Он вошел к Инге неслышно и пристально смотрел в ее наполовину открытые глаза. Нащупав пульс, он стал глядеть в потолок. Губы его выпятились, он качал головой. Потом он бросил пульс. На столике лежали шприцы, грудились пузырьки, Клебе перетрогал их, вспомнил еще два лекарства из запасов Арктура, которые по такому же нраву могли бы стоять рядом с этими. Он решил прислать их, собрался уйти, но Инга открыла глаза. Он закивал ей, понял, что она хочет что-то сказать, и наклонился.
— Левшин? — спросила она.
— Я так и знал, я все предвидел, — обрадовался Клебе, — я предвидел, и я дал ему знать.
— Он приедет?
— Он приедет, будьте спокойны, я его выписал.
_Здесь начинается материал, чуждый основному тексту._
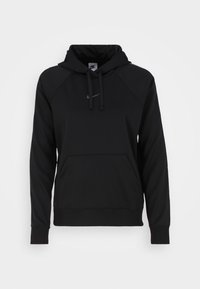 Sudadera negra de Nike con un bolsillo frontal, capucha con cordón y mangas raglán. Diseño simple con un pequeño logo en el pecho. Textura de tela suave.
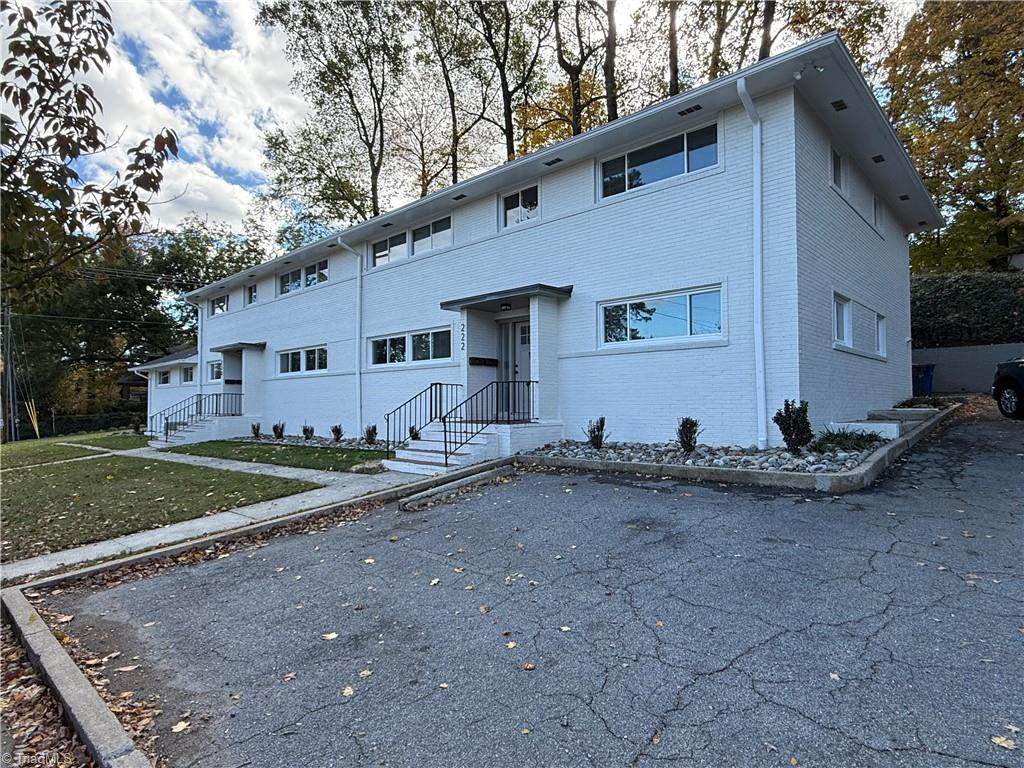 222 Hawthorne Road - Photo 1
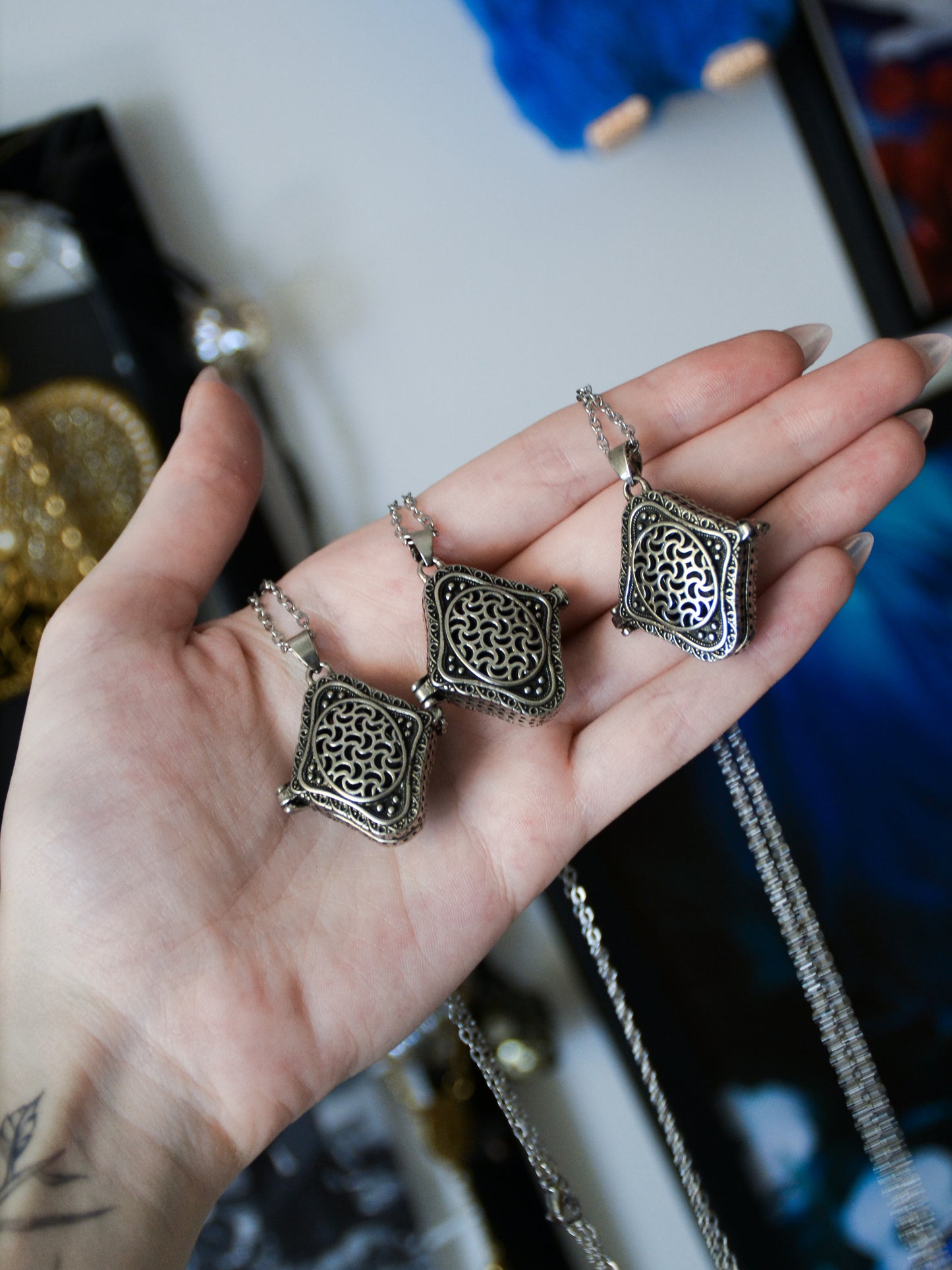 Ciondolo locket L con ossidiana argentata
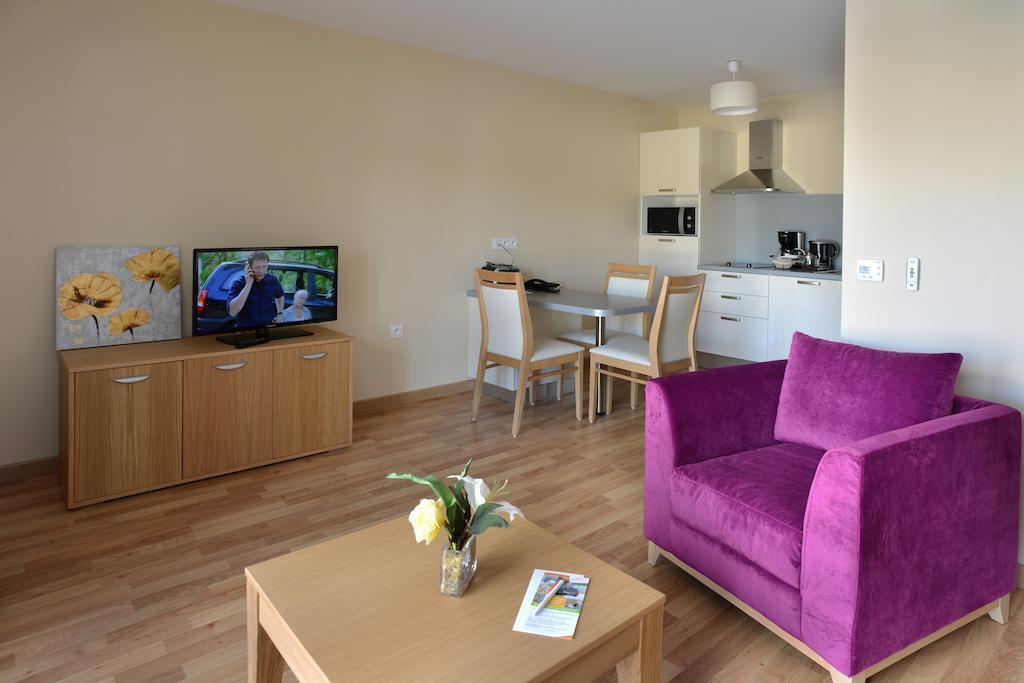 Domitys Le Jardin Des Trois Rois Aparthotel Romorantin-Lanthenay Rom bilde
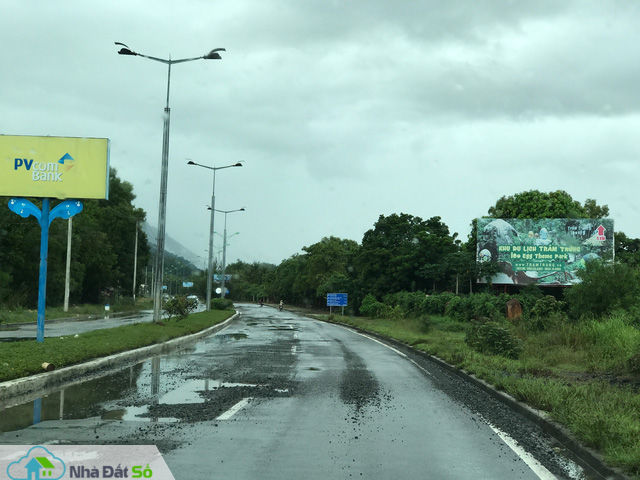 Nhiều tuyến đường dẫn vào trung tâm thành phố đang bị cày nát, xuống cấp trầm trọng do xe tải chở vật liệu xây dựng, lưu lượng giao thông khá đông
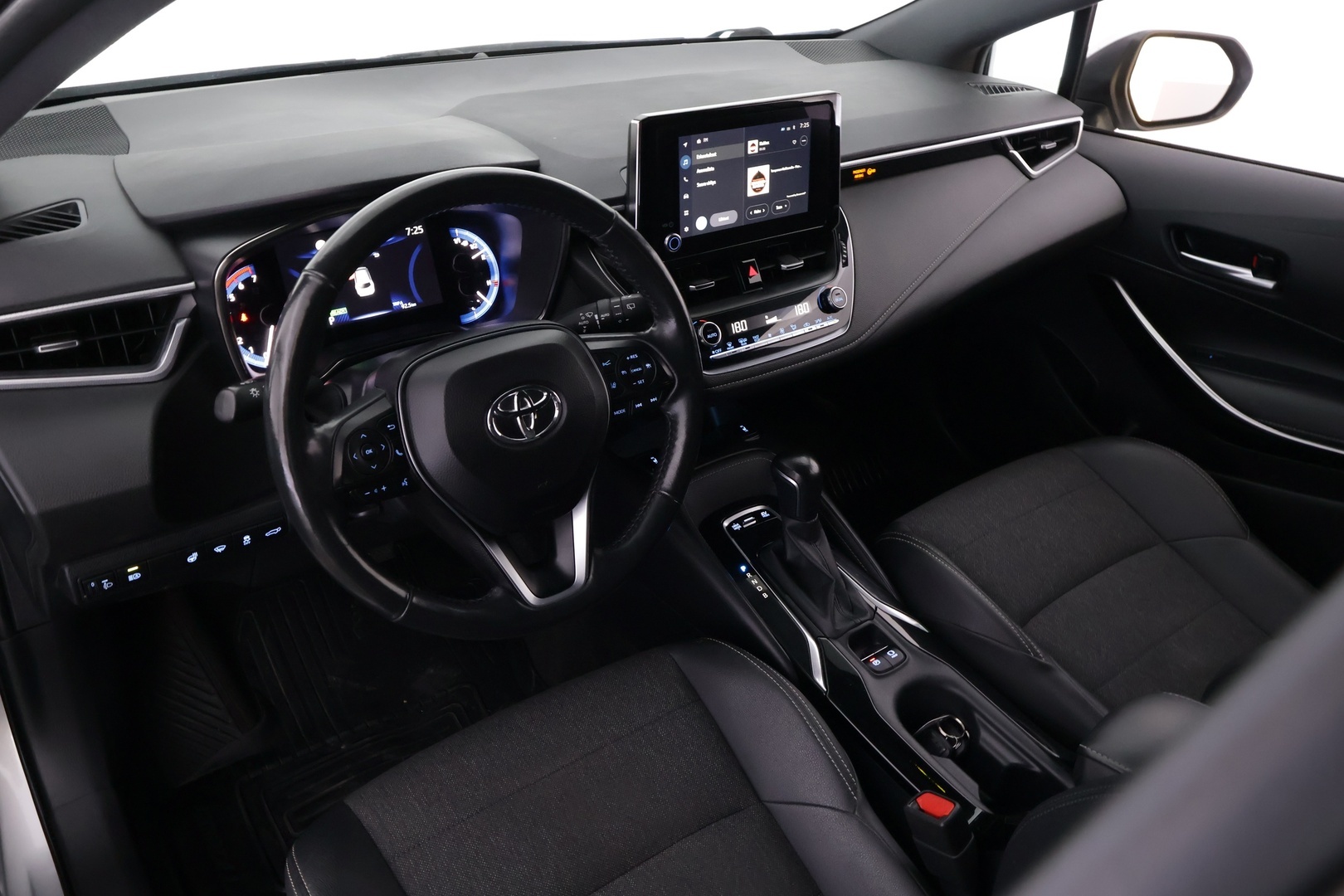 TOYOTA Corolla 2022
У нее закрылись глаза, и Клебе осторожно вышел.
Он растрогался, его всполошила судьба девушки, он только жалел, что все это происходило в Арктуре, и он торопился к аптечке выбрать для Инги лекарства. Одно он весьма ценил — йодистое втирание против суставных болей, обычных в подобных случаях. Правда, лекарство было довольно дорогое, но что поделать?
В холле он увидел Левшина. Он устремился к нему с протянутыми руками, выпевая, почти мурлыча что-то трогательно-горестное, будто выражая сочувствие в необыкновенной утрате.
— Я так рад, мы все так рады! Получили мое письмо? О, что делать!
— Письмо?
— Не получили? Вчерашнее письмо, в котором я сообщал… Позвольте, когда же доставлялась вам почта?
— В полдень. А я выехал утром.
— Так это же прекрасно! Такое совпадение! — восторгался Клебе.